It's no secret that Netflix is winning the streaming wars.

The streamer with over 80 million subscribers in the US and nearly 270 million worldwide as of Q1 2024 has become a staple in households and shaping media culture. 

Netflix  (NFLX)  navigated through a tumultuous 2022 by changing some key strategies, including the addition of an ad-included plan, and has seen a massive resurgence with it stock up over 60% in the last 12 months.

Related: Netflix is the real winner of the Tom Brady Roast

The question is what could be next for Netflix — and one of the big leaps many are thinking it could take is integrating into live sports.

Netflix has already dabbled with live events over the last few years, including massive success from "The Roast of Tom Brady" that aired on May 5. That roast saw a combination of two categories that Netflix has seen success in: stand-up comedy and sports storytelling.

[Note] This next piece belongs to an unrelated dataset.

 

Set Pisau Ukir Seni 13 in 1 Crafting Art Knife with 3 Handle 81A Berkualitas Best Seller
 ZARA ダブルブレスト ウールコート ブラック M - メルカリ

Speaking on "The Interview" with The New York Times on Saturday, May 25, Netflix CEO Ted Sarandos talked about how the company has embraced live events and has unique fan insight from it.

"It's really incredible the conversation that gets driven around the world around a live event," Sarandos said. "In the world of on-demand and total control, the novelty of a big live event, if it's the Super Bowl or the Tom Brady Roast, is people get very excited that they're all watching it at the same time. What we saw with the Tom Brady Roast was that it was driving so much conversation around the world that the audience kept growing and growing and growing minute on minute and people kept coming to it."

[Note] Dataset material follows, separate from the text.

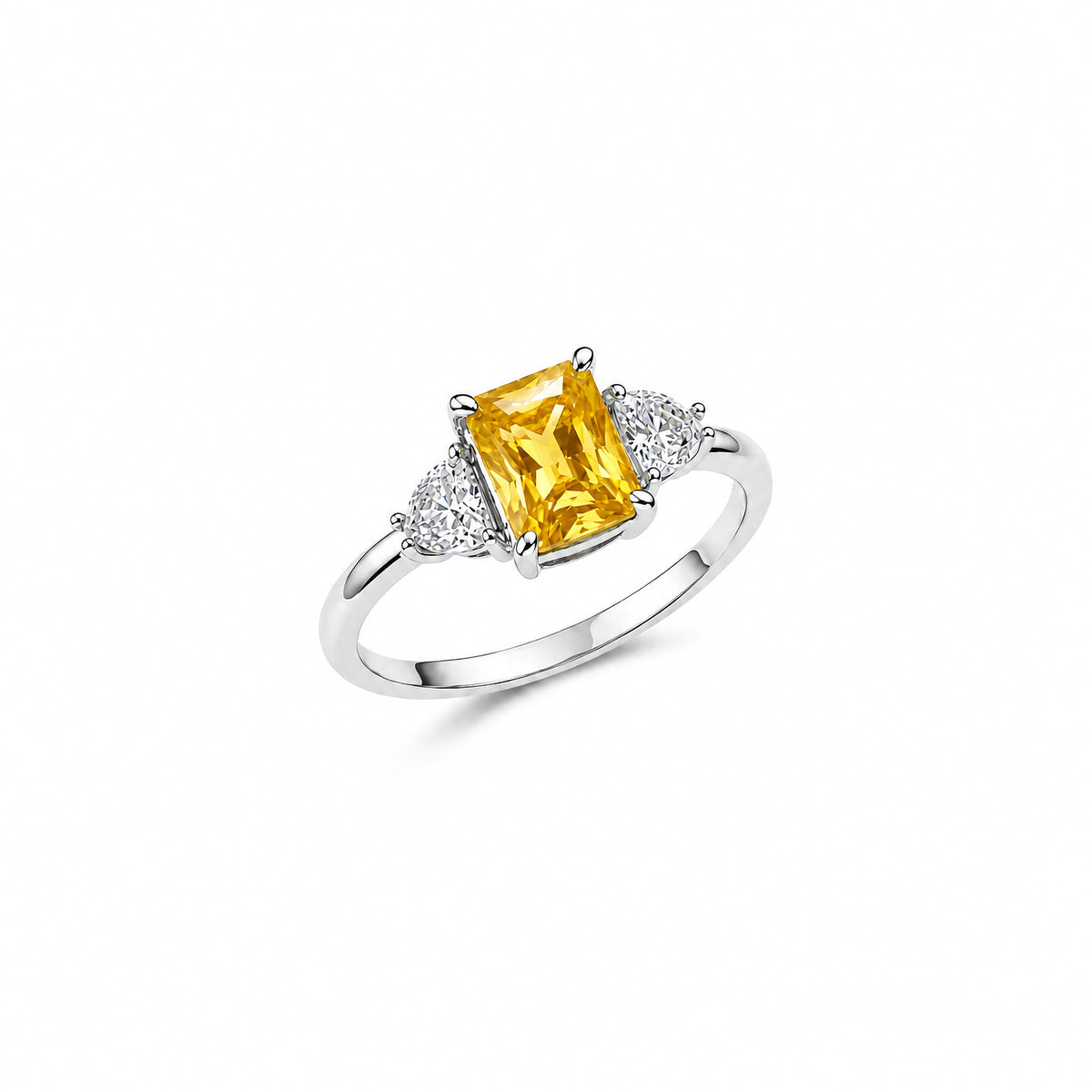 TriangularZirconThree-StoneRing-yellow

Streamers like Netflix were centered around on-demand products, while the live television shows like sporting events or awards shows stayed on linear television despite the model quickly losing eyeballs to the on-demand services. 

But Netflix is adapting — and Sarandos said that the results of the live events Netflix has conducted have made it so that the company will continue to be part of this space.

"And I just look at that and say well there's some real value in people gathering around the TV at the same time and doing that," Sarandos said. "It's a novel — it's not the way people watch most things — but it's something we don't want to not be a part of because it's happening on that television screen and people get very excited about it."

Netflix has been speculated to be the big player that could change sports streaming. The company has already signed a contract to air WWE Raw starting in 2025 — but Sarandos explained during an earnings call that WWE's scripted nature aligns with Netflix's sports storytelling strategy.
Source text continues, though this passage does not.